The release of Working Group 1 (WG 1) of the recent Intergovernmental Panel on Climate Change (IPCC) Fifth Assessment Report (AR5) put to bed the claims of the climate deniers. With the release of WG 2 (focus on impacts) fast approaching the profound reality of climate impacts are coming to the surface. In the run up to COP21 the question facing governments is simple – how much climate risk is your country willing to accept?

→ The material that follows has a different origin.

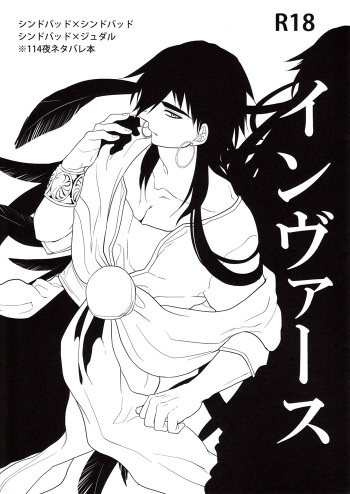 Inverse cover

Turning science into politics
Coverage was consistent headlining that humans are the dominant cause of climate change. However, this message largely failed to flood into mainstream politics. The question of how decision makers would respond to the IPCC’s definitive message on the realities of human induced climate change did not materialise. Often ignored, is the fact that every member country to the IPCC signed off the WG 1 report. Fossil fuel producers like Saudi Arabia and Canada, have accepted the facts of WG 1. Warsaw will be a milestone in how the science informs the politics. Holding these countries to account on the findings of WG 1 will be critical to delivering an ambitious outcome in 2015.
Climate Risk and WG2
Despite minimal political response from the findings of WG 1 there is significant opportunity for WG 2 to open up the climate risk debate. Climate risk, moves the debate beyond impacts, to focusing on how to incorporate the risks of climate change into our decision-making systems. Climate risk makes climate change real for governments, business and communities. Many associate impacts with local consequences, but in such an interdependent world these risks will have far reaching systemic effects.
Oxfam analysis outlined the systemic risks to food and agricultural systems. In 2012 the US Midwest experienced its worst drought in 50 years, which reduced the expected maize crop by 25 per cent. This contributed to global maize prices rising by around 40 per cent. Drought in major wheat-producing countries such as Kazakhstan in the same year contributed to record wheat price increases of around 22 per cent. This left low-income, import-dependent countries such as Yemen – which imports 95 per cent of its consumed cereals – highly exposed.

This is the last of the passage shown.